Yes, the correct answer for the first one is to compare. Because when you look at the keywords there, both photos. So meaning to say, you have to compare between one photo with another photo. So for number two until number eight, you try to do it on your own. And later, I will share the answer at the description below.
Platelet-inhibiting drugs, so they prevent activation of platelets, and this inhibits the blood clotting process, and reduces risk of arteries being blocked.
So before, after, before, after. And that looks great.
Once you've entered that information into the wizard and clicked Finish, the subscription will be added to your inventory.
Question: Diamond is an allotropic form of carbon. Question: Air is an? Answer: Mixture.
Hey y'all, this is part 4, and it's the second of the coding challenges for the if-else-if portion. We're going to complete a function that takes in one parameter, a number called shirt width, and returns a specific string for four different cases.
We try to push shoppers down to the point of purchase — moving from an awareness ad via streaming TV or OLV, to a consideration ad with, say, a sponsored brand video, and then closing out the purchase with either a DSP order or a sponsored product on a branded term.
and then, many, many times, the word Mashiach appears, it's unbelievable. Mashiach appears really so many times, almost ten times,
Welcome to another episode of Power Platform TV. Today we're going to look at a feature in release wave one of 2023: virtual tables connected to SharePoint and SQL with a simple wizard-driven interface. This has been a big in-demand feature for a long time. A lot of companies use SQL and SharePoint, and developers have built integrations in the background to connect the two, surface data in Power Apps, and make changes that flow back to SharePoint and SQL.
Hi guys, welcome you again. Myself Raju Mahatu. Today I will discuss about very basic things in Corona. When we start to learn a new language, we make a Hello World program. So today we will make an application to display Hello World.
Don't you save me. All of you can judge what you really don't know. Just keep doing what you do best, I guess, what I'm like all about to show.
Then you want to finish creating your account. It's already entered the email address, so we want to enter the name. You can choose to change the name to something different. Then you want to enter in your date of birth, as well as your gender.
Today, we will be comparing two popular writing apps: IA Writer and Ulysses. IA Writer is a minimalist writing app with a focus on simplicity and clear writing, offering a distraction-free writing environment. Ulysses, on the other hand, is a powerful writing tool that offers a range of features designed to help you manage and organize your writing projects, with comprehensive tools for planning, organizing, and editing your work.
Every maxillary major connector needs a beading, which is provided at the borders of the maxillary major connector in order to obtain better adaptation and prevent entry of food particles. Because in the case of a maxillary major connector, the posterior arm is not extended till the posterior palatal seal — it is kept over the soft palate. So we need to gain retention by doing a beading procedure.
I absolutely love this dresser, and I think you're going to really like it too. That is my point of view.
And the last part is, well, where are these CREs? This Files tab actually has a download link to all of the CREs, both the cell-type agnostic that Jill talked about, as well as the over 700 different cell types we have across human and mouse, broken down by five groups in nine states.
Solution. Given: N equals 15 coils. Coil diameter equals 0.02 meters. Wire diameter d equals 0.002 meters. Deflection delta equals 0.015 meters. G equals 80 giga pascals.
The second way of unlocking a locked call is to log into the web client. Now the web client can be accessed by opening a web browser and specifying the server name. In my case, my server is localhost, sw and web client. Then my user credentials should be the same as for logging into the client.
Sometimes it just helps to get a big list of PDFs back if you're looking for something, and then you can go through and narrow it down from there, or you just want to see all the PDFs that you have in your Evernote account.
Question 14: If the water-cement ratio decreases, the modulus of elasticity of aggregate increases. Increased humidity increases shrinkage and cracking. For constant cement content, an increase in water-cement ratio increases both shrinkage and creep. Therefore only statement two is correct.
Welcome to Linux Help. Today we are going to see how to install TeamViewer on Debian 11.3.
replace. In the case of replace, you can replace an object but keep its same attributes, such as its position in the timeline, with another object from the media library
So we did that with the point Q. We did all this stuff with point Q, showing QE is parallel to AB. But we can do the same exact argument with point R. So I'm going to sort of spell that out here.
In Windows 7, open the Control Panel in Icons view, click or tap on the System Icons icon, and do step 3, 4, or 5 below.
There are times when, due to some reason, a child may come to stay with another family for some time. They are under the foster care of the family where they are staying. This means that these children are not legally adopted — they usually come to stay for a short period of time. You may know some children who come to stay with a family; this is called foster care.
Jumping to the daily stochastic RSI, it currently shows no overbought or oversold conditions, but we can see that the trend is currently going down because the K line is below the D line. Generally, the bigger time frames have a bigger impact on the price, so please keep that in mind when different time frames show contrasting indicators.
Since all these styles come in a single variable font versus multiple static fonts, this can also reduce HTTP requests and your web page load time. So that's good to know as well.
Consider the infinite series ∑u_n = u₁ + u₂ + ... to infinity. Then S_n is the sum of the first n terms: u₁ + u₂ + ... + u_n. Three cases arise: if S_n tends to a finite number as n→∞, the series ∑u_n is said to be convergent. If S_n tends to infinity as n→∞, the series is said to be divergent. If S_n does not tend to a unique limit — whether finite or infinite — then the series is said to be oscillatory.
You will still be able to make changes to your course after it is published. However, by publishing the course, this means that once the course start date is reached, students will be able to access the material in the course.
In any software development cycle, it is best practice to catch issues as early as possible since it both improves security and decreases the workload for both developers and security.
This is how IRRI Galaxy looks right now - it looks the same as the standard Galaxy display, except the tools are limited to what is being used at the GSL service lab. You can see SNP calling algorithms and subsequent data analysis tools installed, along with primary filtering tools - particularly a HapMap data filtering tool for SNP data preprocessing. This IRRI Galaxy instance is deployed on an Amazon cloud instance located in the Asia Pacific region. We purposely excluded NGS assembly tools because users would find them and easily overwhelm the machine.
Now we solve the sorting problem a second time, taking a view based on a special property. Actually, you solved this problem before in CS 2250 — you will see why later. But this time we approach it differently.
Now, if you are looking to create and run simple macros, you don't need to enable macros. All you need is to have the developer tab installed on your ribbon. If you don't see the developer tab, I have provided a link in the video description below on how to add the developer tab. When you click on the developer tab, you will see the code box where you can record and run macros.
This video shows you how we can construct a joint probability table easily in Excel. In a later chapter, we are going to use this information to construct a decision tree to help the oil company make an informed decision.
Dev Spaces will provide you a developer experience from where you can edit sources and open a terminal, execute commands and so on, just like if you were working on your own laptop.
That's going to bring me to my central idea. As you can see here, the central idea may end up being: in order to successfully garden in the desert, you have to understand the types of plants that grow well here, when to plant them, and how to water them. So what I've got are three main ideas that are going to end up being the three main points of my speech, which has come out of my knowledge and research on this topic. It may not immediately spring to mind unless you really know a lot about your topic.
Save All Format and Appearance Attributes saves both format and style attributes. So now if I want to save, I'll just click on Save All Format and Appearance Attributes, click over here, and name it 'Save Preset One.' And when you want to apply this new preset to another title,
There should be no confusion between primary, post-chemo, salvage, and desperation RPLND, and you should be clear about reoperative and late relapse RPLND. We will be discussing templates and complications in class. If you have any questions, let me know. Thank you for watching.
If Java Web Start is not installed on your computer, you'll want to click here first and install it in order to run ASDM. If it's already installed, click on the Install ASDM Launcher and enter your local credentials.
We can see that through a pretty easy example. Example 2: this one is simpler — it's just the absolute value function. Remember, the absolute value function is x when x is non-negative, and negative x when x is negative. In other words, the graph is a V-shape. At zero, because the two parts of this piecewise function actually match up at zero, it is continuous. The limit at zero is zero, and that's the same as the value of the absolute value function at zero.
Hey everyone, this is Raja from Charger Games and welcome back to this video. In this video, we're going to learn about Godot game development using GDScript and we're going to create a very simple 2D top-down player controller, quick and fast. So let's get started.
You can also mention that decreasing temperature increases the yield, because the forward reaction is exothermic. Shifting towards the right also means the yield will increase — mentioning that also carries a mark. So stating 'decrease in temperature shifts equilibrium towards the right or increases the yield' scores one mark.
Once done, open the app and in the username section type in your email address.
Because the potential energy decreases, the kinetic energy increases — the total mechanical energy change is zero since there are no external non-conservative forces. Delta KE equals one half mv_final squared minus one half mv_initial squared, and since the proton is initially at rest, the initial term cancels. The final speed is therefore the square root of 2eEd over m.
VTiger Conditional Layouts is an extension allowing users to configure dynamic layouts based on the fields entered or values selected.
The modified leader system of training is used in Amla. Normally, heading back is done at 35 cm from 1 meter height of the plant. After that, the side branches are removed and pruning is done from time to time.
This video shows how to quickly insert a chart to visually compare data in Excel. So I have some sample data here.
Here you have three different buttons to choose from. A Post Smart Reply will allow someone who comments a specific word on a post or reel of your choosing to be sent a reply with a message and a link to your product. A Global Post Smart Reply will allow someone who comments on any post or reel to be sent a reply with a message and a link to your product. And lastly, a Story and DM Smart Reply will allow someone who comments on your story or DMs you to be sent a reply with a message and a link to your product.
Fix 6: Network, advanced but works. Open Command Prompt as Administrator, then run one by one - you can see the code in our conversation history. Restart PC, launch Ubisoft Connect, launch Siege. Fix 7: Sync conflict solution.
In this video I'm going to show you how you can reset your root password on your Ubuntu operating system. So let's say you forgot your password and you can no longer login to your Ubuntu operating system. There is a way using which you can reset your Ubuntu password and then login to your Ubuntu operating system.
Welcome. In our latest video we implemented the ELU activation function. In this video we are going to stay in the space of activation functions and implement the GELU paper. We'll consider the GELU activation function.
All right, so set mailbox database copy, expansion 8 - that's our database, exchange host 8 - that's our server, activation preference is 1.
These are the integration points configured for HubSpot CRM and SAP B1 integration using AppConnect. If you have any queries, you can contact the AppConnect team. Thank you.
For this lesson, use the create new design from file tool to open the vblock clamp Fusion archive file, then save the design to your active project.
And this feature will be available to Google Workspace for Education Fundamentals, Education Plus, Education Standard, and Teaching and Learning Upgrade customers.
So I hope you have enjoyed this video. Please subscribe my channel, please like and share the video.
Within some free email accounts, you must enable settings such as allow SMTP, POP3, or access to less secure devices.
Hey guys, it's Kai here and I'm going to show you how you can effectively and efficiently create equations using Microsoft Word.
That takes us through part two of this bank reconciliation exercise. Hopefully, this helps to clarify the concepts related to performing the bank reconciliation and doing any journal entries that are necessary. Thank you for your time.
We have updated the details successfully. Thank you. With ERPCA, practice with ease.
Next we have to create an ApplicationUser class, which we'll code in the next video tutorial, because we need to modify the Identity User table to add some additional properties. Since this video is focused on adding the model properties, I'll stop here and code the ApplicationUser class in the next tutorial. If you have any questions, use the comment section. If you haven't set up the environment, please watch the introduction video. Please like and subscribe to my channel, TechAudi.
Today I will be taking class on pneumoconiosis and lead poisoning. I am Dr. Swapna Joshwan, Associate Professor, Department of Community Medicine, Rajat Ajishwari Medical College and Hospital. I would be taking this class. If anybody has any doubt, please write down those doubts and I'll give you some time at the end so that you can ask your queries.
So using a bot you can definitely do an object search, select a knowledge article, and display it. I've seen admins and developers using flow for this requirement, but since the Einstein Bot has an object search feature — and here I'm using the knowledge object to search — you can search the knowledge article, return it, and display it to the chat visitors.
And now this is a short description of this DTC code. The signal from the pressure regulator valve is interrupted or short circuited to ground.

● ● ● ●

Within the listing above, locate the line containing "For this lesson, use" and the line containing "Today I will be". Reproduce those two lines and all lines between them exactly, with nothing added.

• _Solved problem_
For this lesson, use the create new design from file tool to open the vblock clamp Fusion archive file, then save the design to your active project.
And this feature will be available to Google Workspace for Education Fundamentals, Education Plus, Education Standard, and Teaching and Learning Upgrade customers.
So I hope you have enjoyed this video. Please subscribe my channel, please like and share the video.
Within some free email accounts, you must enable settings such as allow SMTP, POP3, or access to less secure devices.
Hey guys, it's Kai here and I'm going to show you how you can effectively and efficiently create equations using Microsoft Word.
That takes us through part two of this bank reconciliation exercise. Hopefully, this helps to clarify the concepts related to performing the bank reconciliation and doing any journal entries that are necessary. Thank you for your time.
We have updated the details successfully. Thank you. With ERPCA, practice with ease.
Next we have to create an ApplicationUser class, which we'll code in the next video tutorial, because we need to modify the Identity User table to add some additional properties. Since this video is focused on adding the model properties, I'll stop here and code the ApplicationUser class in the next tutorial. If you have any questions, use the comment section. If you haven't set up the environment, please watch the introduction video. Please like and subscribe to my channel, TechAudi.
Today I will be taking class on pneumoconiosis and lead poisoning. I am Dr. Swapna Joshwan, Associate Professor, Department of Community Medicine, Rajat Ajishwari Medical College and Hospital. I would be taking this class. If anybody has any doubt, please write down those doubts and I'll give you some time at the end so that you can ask your queries.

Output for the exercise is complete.